**What you should do**
Can you quote the lines below exactly, starting at the line with "a living room with a" and going through the last one?

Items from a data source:
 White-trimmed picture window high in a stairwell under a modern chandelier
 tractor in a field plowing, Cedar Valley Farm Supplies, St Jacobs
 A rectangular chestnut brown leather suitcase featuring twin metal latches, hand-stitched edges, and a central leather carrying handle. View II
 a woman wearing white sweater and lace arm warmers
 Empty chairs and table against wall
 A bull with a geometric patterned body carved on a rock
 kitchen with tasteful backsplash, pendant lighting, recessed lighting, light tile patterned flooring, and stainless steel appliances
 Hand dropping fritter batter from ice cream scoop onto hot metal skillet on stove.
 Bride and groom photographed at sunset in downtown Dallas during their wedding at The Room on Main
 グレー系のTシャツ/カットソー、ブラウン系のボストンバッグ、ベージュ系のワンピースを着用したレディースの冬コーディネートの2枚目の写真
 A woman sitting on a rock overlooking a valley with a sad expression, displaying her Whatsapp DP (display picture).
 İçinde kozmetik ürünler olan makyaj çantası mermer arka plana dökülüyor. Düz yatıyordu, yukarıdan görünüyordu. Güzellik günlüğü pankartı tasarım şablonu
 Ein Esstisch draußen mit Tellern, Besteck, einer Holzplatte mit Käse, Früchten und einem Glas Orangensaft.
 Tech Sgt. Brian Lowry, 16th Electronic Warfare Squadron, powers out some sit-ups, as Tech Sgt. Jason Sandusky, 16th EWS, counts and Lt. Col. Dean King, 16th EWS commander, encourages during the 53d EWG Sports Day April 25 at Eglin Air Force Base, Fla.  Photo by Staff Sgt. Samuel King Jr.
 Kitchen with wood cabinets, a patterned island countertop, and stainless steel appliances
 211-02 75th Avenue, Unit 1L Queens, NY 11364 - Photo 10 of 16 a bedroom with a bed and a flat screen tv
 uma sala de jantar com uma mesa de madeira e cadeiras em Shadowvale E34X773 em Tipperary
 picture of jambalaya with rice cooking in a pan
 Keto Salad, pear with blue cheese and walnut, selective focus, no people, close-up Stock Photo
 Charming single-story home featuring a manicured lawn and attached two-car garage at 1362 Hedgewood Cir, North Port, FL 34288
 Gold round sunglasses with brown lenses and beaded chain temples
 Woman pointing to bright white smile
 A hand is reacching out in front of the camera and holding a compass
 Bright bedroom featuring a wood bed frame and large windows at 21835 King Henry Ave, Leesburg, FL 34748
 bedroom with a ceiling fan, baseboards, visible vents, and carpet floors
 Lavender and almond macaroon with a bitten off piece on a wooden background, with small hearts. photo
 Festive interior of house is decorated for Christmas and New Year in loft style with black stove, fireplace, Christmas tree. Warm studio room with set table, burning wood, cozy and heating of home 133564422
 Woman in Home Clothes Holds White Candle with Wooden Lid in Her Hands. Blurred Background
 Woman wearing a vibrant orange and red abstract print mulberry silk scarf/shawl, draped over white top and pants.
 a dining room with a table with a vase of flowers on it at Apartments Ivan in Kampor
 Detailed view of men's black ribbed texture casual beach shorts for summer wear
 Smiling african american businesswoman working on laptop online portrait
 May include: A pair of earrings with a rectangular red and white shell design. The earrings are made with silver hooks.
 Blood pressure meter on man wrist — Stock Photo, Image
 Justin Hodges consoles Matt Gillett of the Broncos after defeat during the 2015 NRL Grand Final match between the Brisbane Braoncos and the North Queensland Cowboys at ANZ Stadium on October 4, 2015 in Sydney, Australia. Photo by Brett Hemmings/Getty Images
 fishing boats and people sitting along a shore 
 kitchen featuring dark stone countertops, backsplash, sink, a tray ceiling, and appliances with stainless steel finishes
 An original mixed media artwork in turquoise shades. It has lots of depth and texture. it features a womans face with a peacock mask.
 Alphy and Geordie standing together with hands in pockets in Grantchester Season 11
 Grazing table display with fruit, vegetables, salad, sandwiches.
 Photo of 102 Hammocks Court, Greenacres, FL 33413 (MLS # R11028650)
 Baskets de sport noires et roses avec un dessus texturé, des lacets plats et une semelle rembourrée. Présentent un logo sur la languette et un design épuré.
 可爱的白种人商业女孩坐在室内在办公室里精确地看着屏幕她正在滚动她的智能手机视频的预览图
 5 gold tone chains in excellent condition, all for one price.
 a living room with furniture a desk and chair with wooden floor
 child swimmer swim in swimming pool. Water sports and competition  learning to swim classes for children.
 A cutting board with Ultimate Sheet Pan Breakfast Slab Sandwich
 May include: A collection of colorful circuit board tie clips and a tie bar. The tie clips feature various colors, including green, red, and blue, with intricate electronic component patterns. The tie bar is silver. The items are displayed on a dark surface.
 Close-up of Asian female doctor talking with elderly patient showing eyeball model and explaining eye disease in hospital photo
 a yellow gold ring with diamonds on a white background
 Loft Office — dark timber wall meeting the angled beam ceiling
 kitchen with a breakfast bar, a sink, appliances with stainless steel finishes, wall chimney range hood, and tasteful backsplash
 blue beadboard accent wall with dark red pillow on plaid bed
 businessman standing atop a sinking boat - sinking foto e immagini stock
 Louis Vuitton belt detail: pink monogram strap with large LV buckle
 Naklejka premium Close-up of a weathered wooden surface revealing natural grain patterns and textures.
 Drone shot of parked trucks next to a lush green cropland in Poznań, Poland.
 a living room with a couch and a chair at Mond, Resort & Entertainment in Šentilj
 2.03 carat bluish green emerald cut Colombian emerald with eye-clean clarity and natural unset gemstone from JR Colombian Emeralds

**Your solution**
 a living room with a couch and a chair at Mond, Resort & Entertainment in Šentilj
 2.03 carat bluish green emerald cut Colombian emerald with eye-clean clarity and natural unset gemstone from JR Colombian Emeralds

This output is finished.